WHAT YOU SHOULD DO —
Find the line with "Postel nebo postele" in the entries below, then reproduce it and every line after it down to and including the line with "a white plate", exactly.

*** Opening THE RECORDS ***

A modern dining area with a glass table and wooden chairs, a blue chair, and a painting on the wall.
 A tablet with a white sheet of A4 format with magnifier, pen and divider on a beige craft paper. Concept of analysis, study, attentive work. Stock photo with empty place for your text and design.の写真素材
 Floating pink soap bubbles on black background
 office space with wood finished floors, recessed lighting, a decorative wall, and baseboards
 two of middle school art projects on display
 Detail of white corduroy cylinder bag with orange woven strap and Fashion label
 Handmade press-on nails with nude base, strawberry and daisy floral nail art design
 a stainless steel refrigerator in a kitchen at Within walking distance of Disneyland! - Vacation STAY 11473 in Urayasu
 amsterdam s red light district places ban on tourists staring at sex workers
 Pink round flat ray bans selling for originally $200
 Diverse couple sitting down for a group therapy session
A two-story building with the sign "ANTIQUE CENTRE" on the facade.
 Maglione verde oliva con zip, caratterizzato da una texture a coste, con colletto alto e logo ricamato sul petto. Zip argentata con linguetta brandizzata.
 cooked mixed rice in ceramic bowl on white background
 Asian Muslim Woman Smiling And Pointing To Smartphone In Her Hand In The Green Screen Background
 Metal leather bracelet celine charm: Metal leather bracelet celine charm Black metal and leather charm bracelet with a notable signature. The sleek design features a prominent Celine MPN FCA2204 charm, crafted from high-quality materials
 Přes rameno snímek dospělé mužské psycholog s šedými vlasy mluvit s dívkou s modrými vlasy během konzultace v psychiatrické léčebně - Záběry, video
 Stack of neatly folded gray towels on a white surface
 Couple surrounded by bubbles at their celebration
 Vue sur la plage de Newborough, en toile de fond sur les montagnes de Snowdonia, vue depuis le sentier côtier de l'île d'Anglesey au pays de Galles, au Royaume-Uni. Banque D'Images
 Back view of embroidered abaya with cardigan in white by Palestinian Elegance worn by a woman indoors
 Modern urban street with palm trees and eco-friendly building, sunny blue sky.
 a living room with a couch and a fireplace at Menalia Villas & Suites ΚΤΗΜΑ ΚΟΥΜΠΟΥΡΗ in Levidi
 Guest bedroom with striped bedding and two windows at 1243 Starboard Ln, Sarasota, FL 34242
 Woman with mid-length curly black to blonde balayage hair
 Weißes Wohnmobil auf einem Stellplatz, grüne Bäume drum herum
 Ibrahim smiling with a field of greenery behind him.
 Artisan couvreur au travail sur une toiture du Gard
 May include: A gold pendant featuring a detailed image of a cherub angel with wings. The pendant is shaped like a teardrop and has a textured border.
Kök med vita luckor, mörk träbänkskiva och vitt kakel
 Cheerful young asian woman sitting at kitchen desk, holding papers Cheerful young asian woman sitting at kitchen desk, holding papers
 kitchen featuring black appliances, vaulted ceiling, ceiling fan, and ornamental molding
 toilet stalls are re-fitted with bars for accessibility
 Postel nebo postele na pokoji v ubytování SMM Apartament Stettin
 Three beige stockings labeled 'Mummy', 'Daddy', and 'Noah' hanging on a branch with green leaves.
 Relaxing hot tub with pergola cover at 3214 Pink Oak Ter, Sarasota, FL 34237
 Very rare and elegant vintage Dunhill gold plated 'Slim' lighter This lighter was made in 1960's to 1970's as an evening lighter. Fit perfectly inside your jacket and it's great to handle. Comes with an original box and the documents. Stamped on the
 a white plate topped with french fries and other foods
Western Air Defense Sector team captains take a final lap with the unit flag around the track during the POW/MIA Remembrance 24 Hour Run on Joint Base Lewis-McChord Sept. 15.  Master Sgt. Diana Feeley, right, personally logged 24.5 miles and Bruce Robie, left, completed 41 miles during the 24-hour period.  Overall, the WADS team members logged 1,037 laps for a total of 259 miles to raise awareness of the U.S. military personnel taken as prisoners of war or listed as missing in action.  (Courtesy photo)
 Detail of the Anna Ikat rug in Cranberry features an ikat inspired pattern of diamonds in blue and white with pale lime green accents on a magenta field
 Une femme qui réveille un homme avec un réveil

*** Closing THE RECORDS ***

ANSWER FOR THE TASK —
 Postel nebo postele na pokoji v ubytování SMM Apartament Stettin
 Three beige stockings labeled 'Mummy', 'Daddy', and 'Noah' hanging on a branch with green leaves.
 Relaxing hot tub with pergola cover at 3214 Pink Oak Ter, Sarasota, FL 34237
 Very rare and elegant vintage Dunhill gold plated 'Slim' lighter This lighter was made in 1960's to 1970's as an evening lighter. Fit perfectly inside your jacket and it's great to handle. Comes with an original box and the documents. Stamped on the
 a white plate topped with french fries and other foods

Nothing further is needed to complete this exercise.